NAMD Wiki: NamdMemoryReduction
For larger simulations of millions of atoms NAMD may run out of memory, especially on node 0 where all I/O and load balancing takes place. There are several methods for overcoming these limitations, which may be used in combination to enable simulations of hundreds of millions of atoms.
Use an SMP version of NAMD
Each NAMD process stores a copy of the complete molecular structure. When NAMD runs as a separate process for each CPU core the molecular structure is duplicated many times per node. By using NAMD built on an "smp" (for multiple nodes) or "multicore" (for a single node) version of Charm++, only a single copy of the molecular structure is required, with this data shared by threads assigned to each cpu core. For nodes with 24-64 cores it may be desirable to use 2-4 processes per node, since each process has only one communication thread. Released binaries are available for Linux-x86_64-ibverbs-smp and Linux-x86_64-multicore platforms.
Use the memory-optimized version of NAMD
NAMD 2.8 and later may be compiled (binaries not available) in an experimental memory-optimized mode that utilizes a compressed version of the molecular structure and also supports parallel I/O. In addition to reducing per-node memory requirements, the compressed structure greatly reduces startup times compared to reading a psf file. Due to the lack of full structure data on every node, various features not normally needed for large simulations are non-functional or restricted. These limits, combined with the small number of projects using memory-optimized NAMD, cause us to caution users that this capability should be considered experimental.

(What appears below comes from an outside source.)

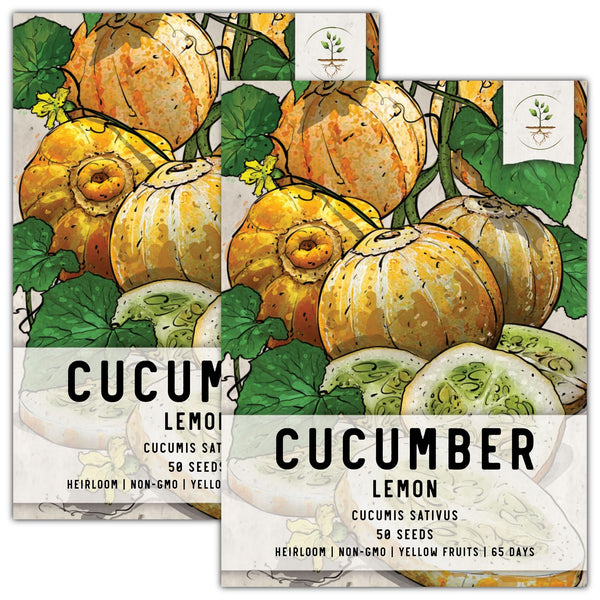 Lemon Cucumber Seeds For Planting (Cucumis sativus)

Step 1: Store structure in binary rather than text format
You will want to store your structure in js and coordinates in namdbin format rather than the text-based psf and pdb formats. Converting from psf/pdb to js/namdbin is simple using the following commands with the standalone psfgen binary shipped with NAMD:
readmol psf apoa1.psf pdb apoa1.pdb writemol js apoa1.js writemol namdbin apoa1.coor
To use a js file with (non-memory-optimized) NAMD you would use the following options:
usePluginIO yes structure apoa1.js bincoordinates apoa1.coor
Do not specify a coordinates file with a .js structure file.
(It is also possible to compress directly from a psf file, but the namdbin coordinates are required.)
See http://www.ks.uiuc.edu/Research/vmd/minitutorials/largesystems/ for an example of solvating a very large system using VMD and psfgen.
Step 2: Compress binary structure
Compression is done with a non-memory-optimized build of an identical version of NAMD. While it is possible that a structure compressed with NAMD 2.9 will run with 2.10, the format of the compressed file is version-specific, undocumented, and may change at any time. Compression requires a single node with sufficient memory to load the entire structure (e.g, 64-256 GB of RAM), and may take an hour for systems of 100M atoms. The binary used for compression may be a different platform than that used to run, e.g., compress on Linux-x64_64 but run on BlueGeneQ.
To generate a compressed structure, add "genCompressedPsf on" to your NAMD config file and run the non-memory optimized NAMD. When it completes, there will be new files ending in .inter and .inter.bin in the directory that contains your structure file (e.g., apoa1.js would have added apoa1.js.inter and apoa1.js.inter.bin).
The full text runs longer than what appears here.